START MATERIALS PROVIDED

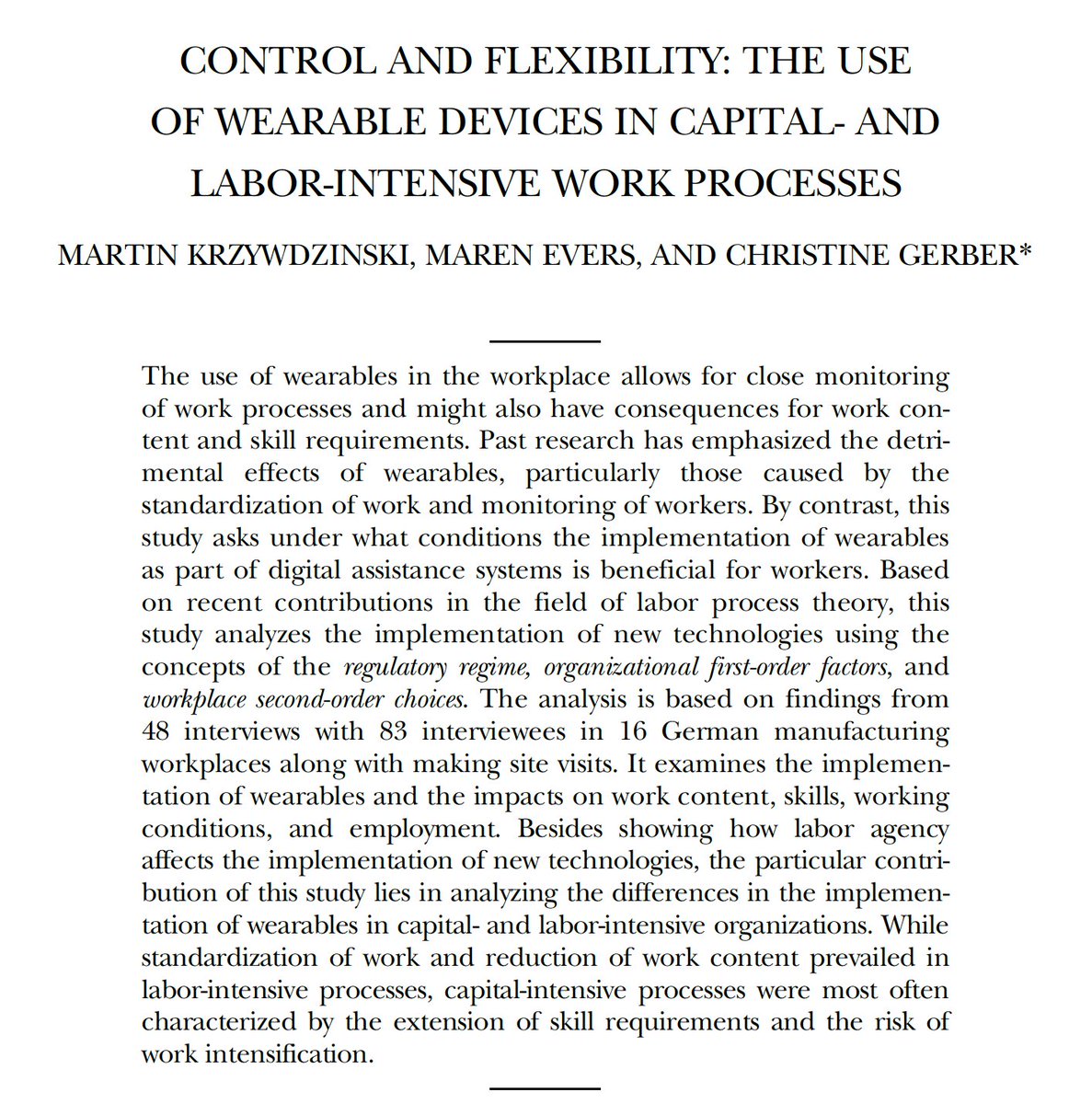 Alex J. Wood (@tom_swing) on Twitter photo Important new research by Krzywdzinski et al.
<a href="/WZB_GlobalWork/">WZB-GAP and Weizenbaum-Digital Work</a> <a href="/WZB_Berlin/">WZB</a> in <a href="/ILRReview/">ILR Review</a> on how the work consequences of algorithmic management and wearables are shaped by bargaining power and capital intensity. journals.sagepub.com/doi/10.1177/00… Important new research by Krzywdzinski et al.
<a href="/WZB_GlobalWork/">WZB-GAP and Weizenbaum-Digital Work</a> <a href="/WZB_Berlin/">WZB</a> in <a href="/ILRReview/">ILR Review</a> on how the work consequences of algorithmic management and wearables are shaped by bargaining power and capital intensity. journals.sagepub.com/doi/10.1177/00…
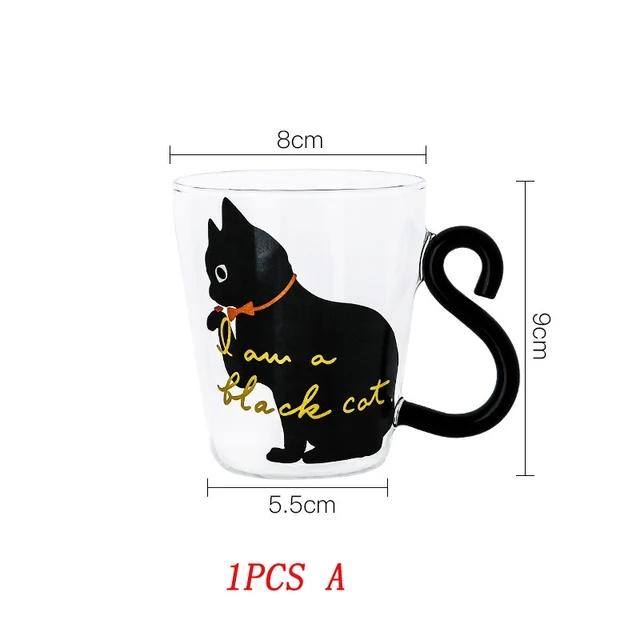 250ml Animal Shaped Glass Cup With Handle Cute Cappuccino Latte Coffee Mug Clear Milk Teacup Christmas Valentine's Day Gifts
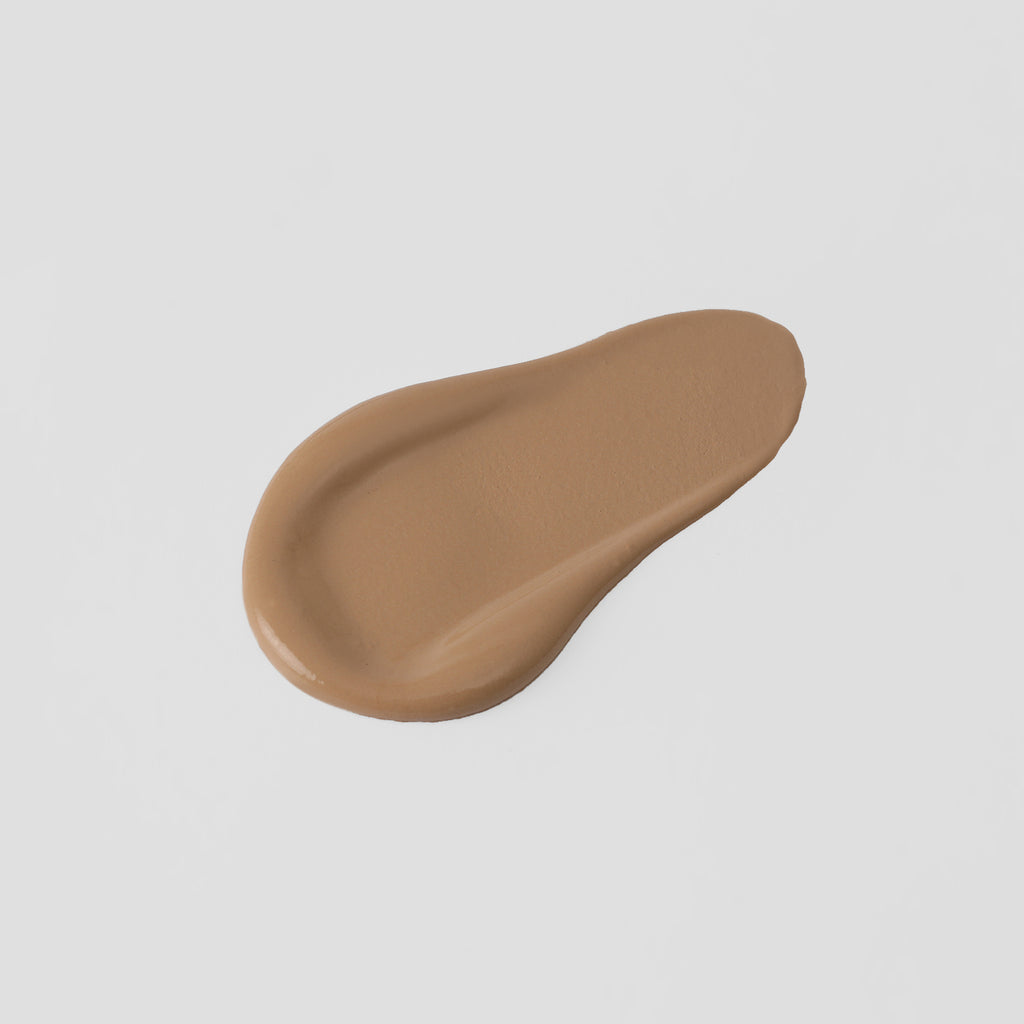 The Overachiever tinted moisturizer and foundation swatch in Seashore – vegan, buildable, skin-loving formula by Puzzle Makeup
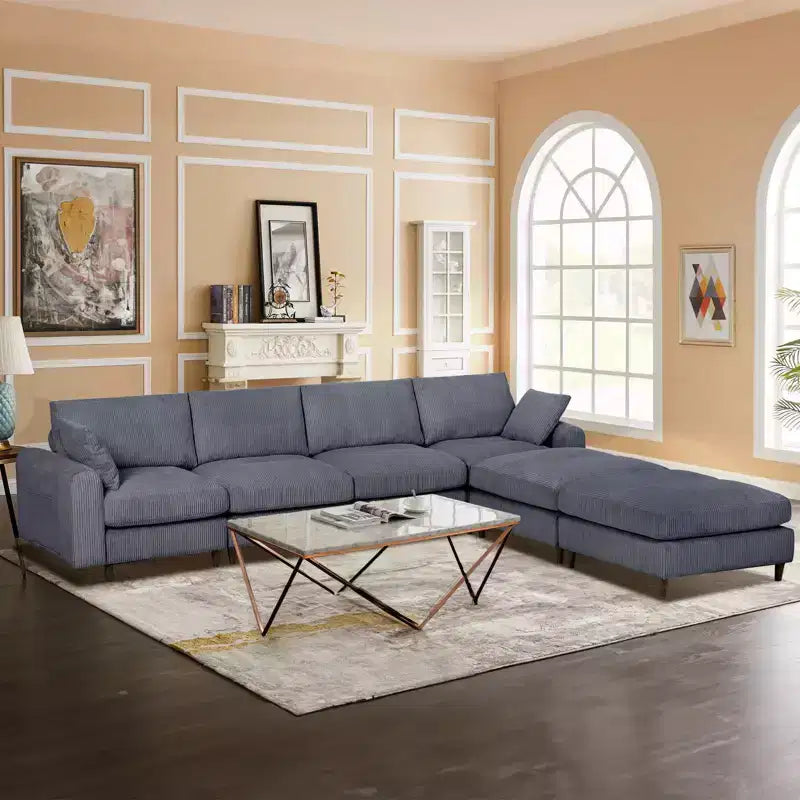Canapé d'angle modulable moderne PexFix 6 places en velours côtelé, design convertible en U ou en L avec pouf et oreillers pour salon ou bureau, gris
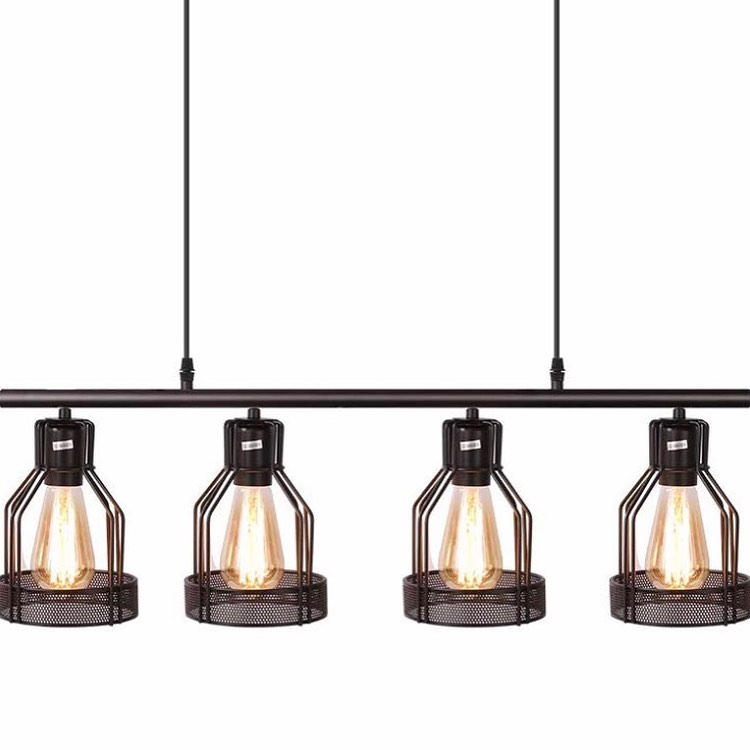 Industrial Pendant Lights with Black and Glass Design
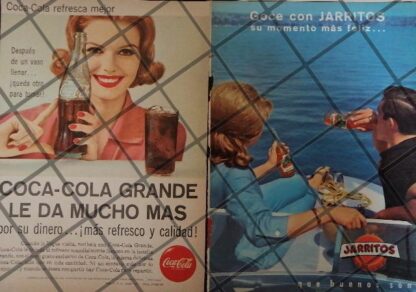 8 CARTELES ANTIGUOS REFRESCOS VARIOS AÑOS 40s-70s /319 - Imagen 5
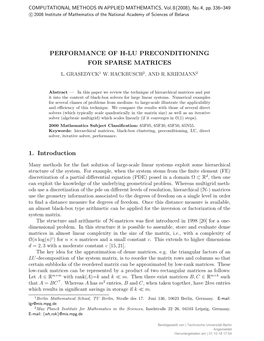 Performance of H-Lu Preconditioning for Sparse Matrices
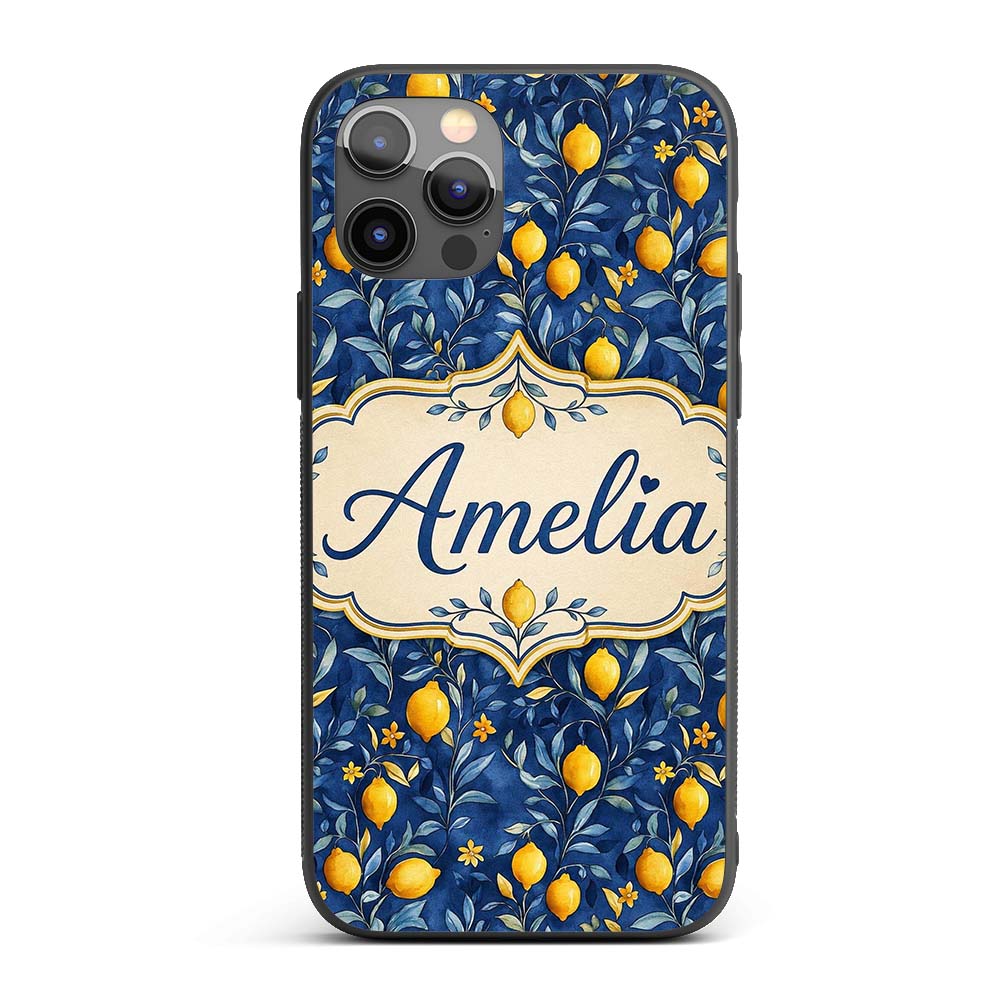 Lemon Branch Navy Botanical Elegant Seamless Custom Name Protective Phone Case Mobile Cover Durable Everyday Smartphone Shock Resistant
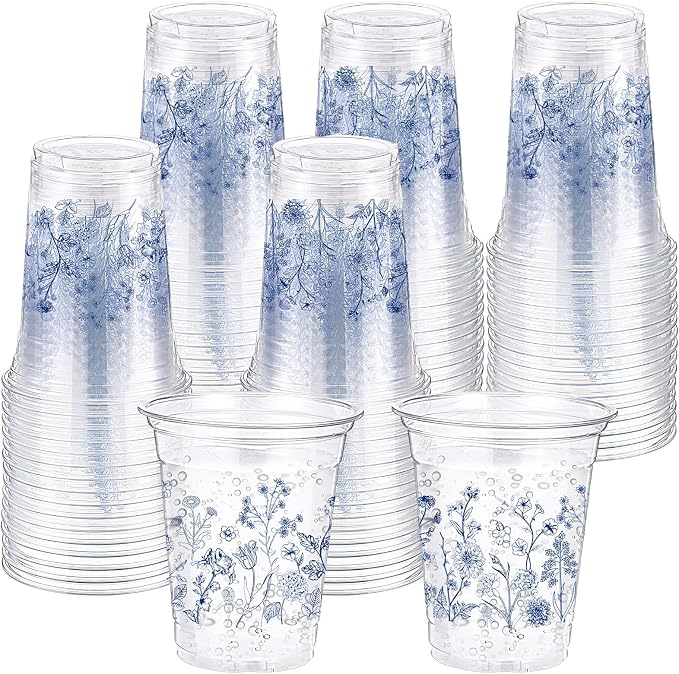Hushee Blue Garden Floral 60 Pcs Party Cups 16 oz Plastic Disposable Drinking Cups for Birthday Love Baby in Bloom Baby Shower Summer Fresh off The Market Bridal Shower Decorations Supplies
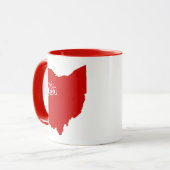 Staat van Ohio Vorm Rode Mok (Voorkant links)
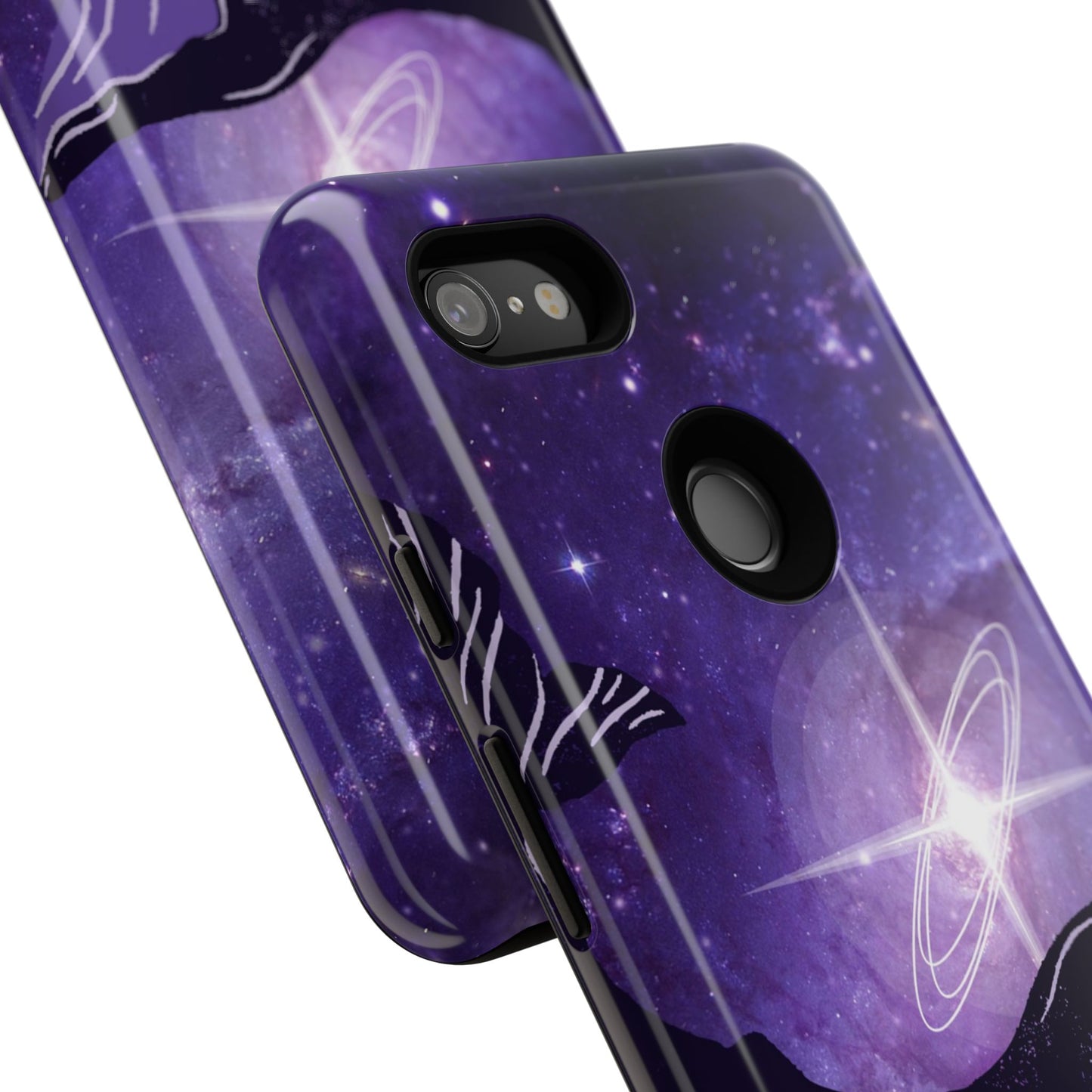 Purple Whale in Outer Space Phone Case
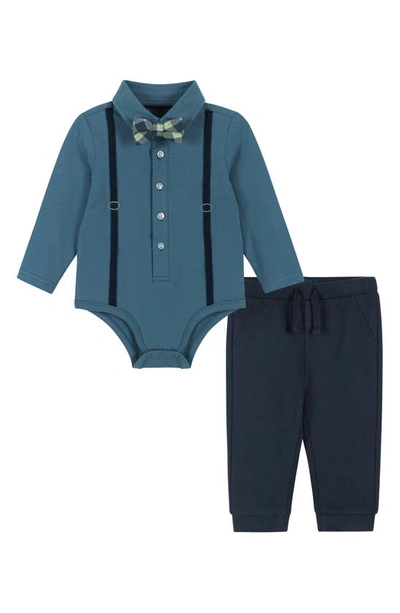 Andy & Evan Babies' Faux Suspender Bodysuit, Pants & Bow Tie Set In Turquoise,aqua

END MATERIALS PROVIDED

*WHAT YOU NEED TO DO*:
Once you have counted the lines above that hold the word "power", report only that total.

*WRITTEN RESPONSE*:
2